TRY IT → Starting at the line that contains "5026 Becks Landing", transcribe every remaining line of the data below exactly, and omit all pictures.
[Opening RECORDS FOR THIS EXERCISE section]
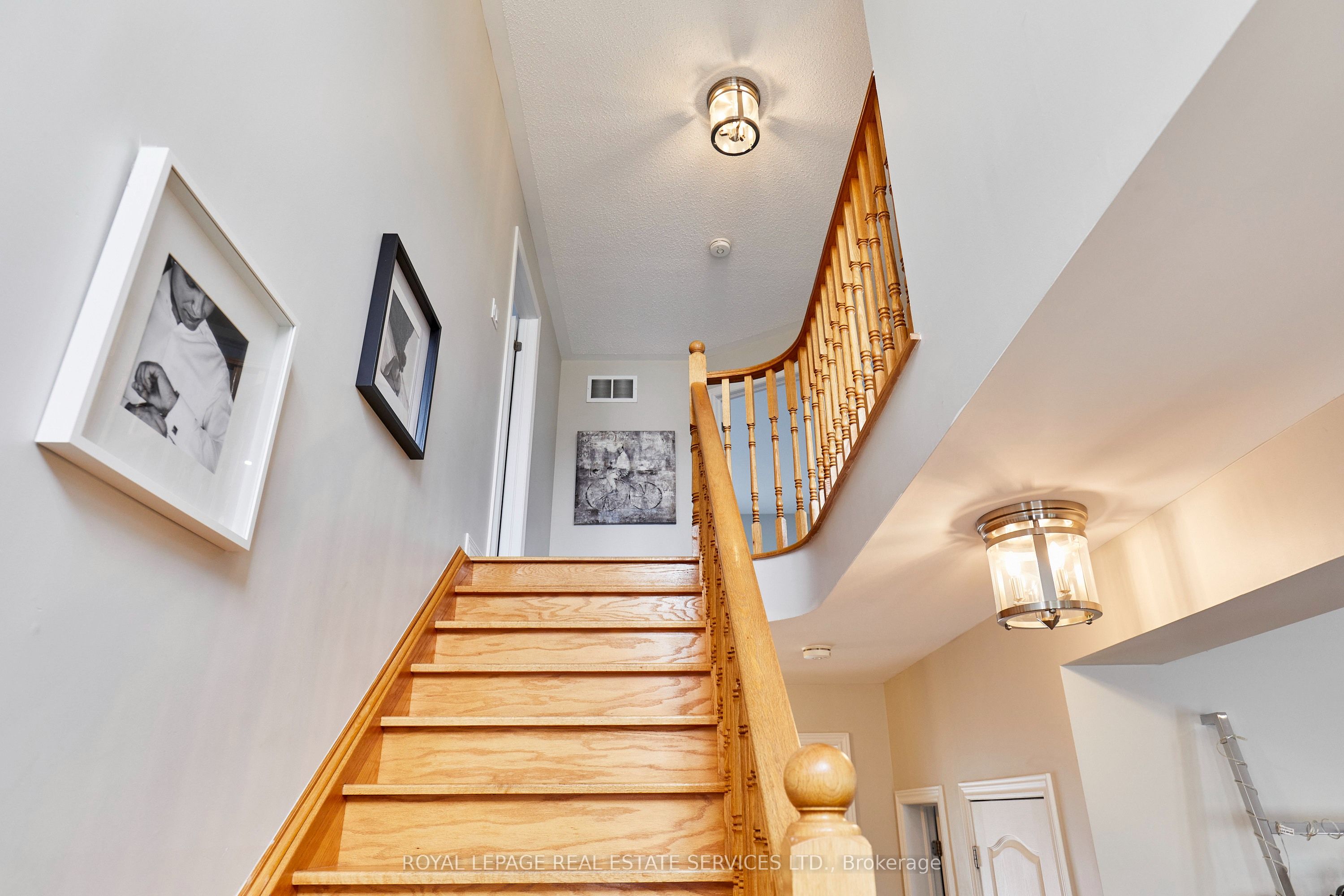 100 Walker Road W Property Photo 23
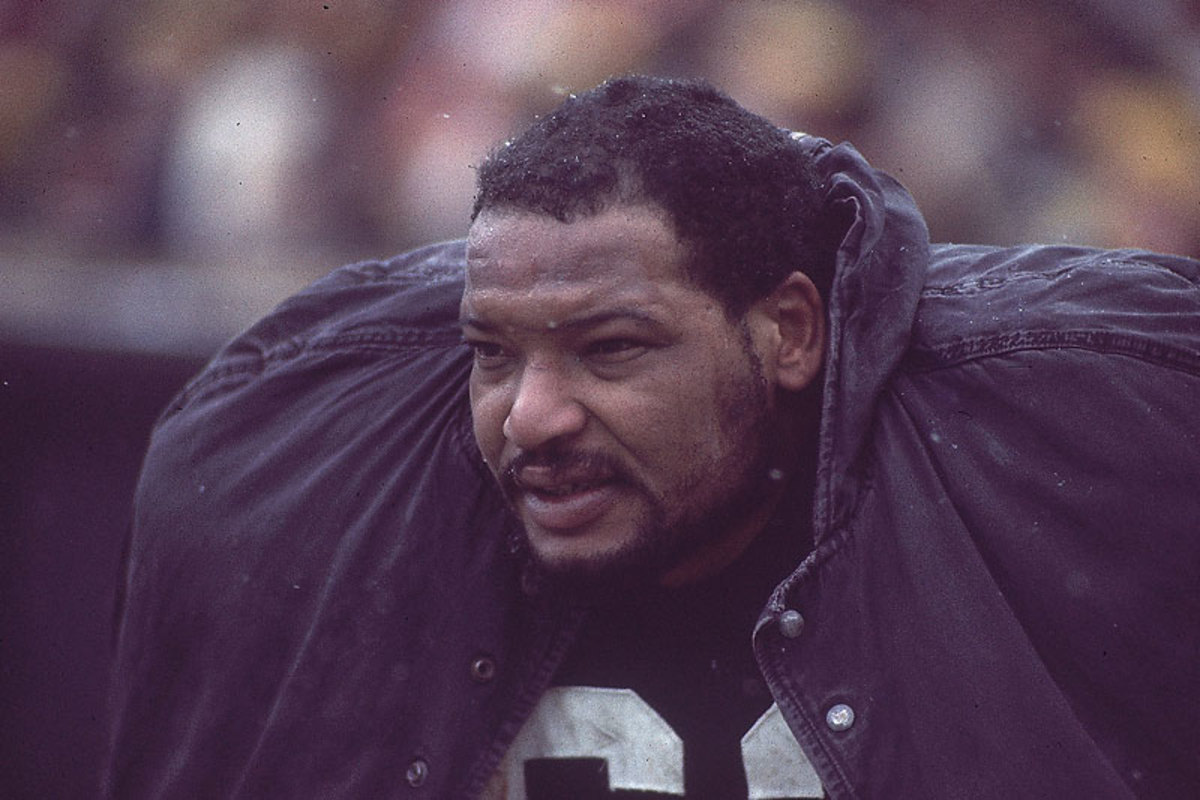 ernie-holmes-010476-2-wi.jpg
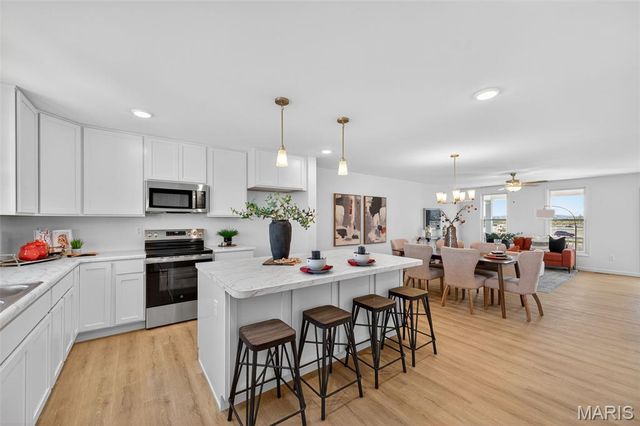 5026 Becks Landing Lane, St Charles, MO 63301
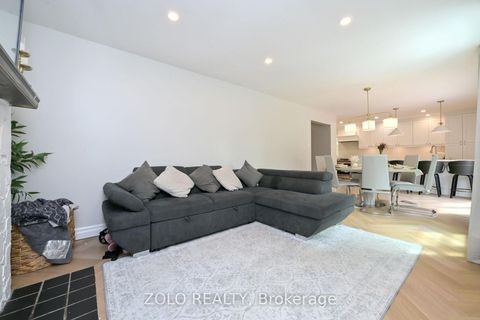 Photo 13 at 1077 Anna Maria Avenue, Alcona, Innisfil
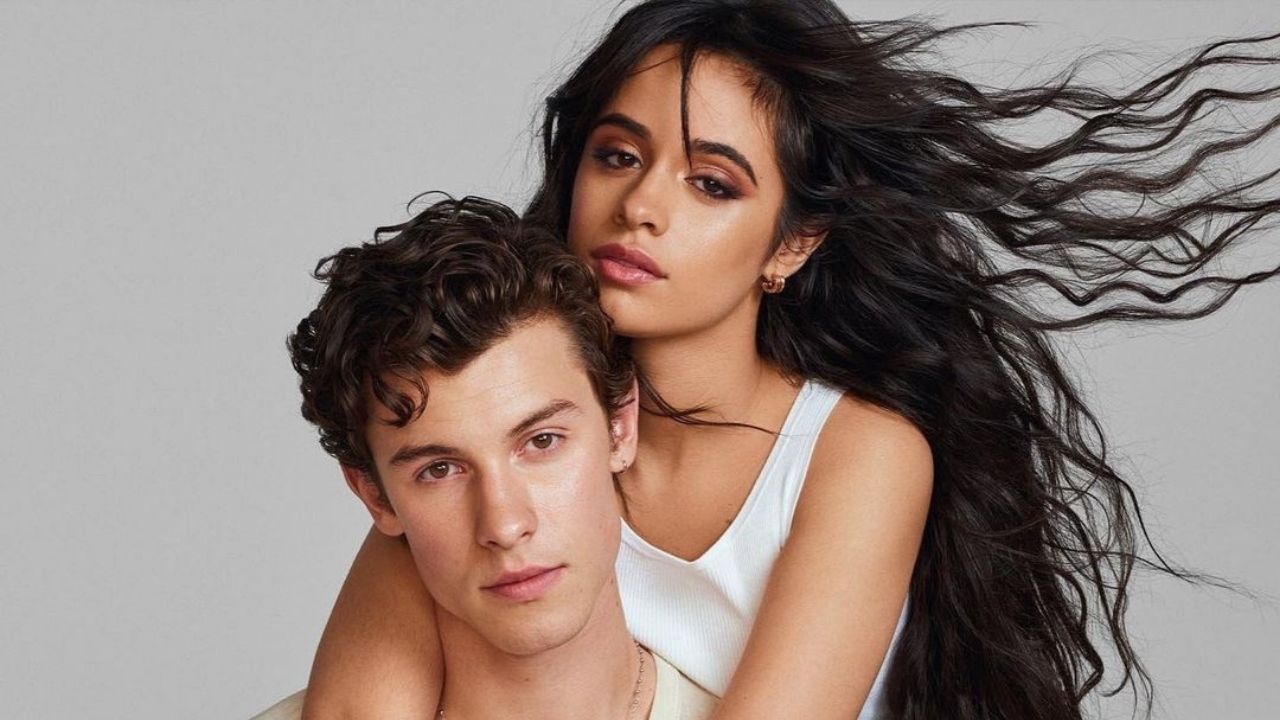 Shawn Mendes e Camila Cabello celebram dois anos de namoro com as fotos mais fofas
[Closing RECORDS FOR THIS EXERCISE section]
ANSWER BOX →
 5026 Becks Landing Lane, St Charles, MO 63301
 Photo 13 at 1077 Anna Maria Avenue, Alcona, Innisfil
 Shawn Mendes e Camila Cabello celebram dois anos de namoro com as fotos mais fofas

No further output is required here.